The measure was primarily taken to increase exports and cut imports in order to reduce the current account deficit. However, it also helped attract higher worker remittances. Besides, the government has started a crackdown on the illegal Hundi and Hawala operators to give a push to inflows through legal channels, including the banking system. The government has recently introduced the M-Wallet scheme to build capacity for receiving remittances instantly.
It has also doubled the incentive to Rs2 on the receipt of each dollar in remittances as airtime. “The incentives have been announced in recent months and have yet to make a fully favourable impact. Going forward, they are expected to help the country attract higher remittances,” Abbas said. “We have estimated remittances of $22.2 billion in fiscal year 2018-19 (against the government target of $21.2 billion),” he said. “The government may further increase such incentives in order to step up the flow of remittances, which will help it to efficiently manage external economic pressures,” he said.

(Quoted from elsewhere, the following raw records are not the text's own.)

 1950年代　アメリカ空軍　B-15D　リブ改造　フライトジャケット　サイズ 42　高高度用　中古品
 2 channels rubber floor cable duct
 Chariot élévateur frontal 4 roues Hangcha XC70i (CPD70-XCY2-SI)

An analyst, who spoke on condition of anonymity, said remittances from two western countries – the US and the UK – had continued to increase apparently because most of the Pakistanis there were supporters of the Pakistan Tehreek-eInsaf government and Prime Minister Imran Khan. The central bank has said that remittance inflows from the Gulf Cooperation Council (GCC), particularly Saudi Arabia, have grown in the recent past. “It is possible that layoffs in the region have gone down in recent months, which may have led to the bottoming out of remittances from the GCC. It remains to be seen if this trend reversal will continue going forward,” the SBP said.
“Remittance inflows have been under stress for the past couple of years (since the first quarter of FY17) due to low oil prices and the Gulf economies’ adoption of nationalisation policies and fiscal consolidation measures,” it said. In January 2019, the inflows amounted to $1.74 billion, which were 6.4% higher than January 2018, the SBP said.
Country-wise inflows Country-wise details for January 2019 showed that inflows from Saudi Arabia increased to $403.92 million compared to $383.91 million in January 2018. Remittances from the UAE inched up to $352.12 million compared to $351.58 million last year. Workers residing in the US sent $272.32 million compared to $223.94 million in the previous year, from the UK sent $295.13 million compared to $235.1 million, GCC countries (including Bahrain, Kuwait, Qatar and Oman) $166.5 million compared to $186.33 million and EU countries $42.89 million compared to $56.4 million.
Remittances from Malaysia, Norway, Switzerland, Australia, Canada, Japan and other countries in January 2019 amounted to $210.36 million against $201.46 million in January 2018.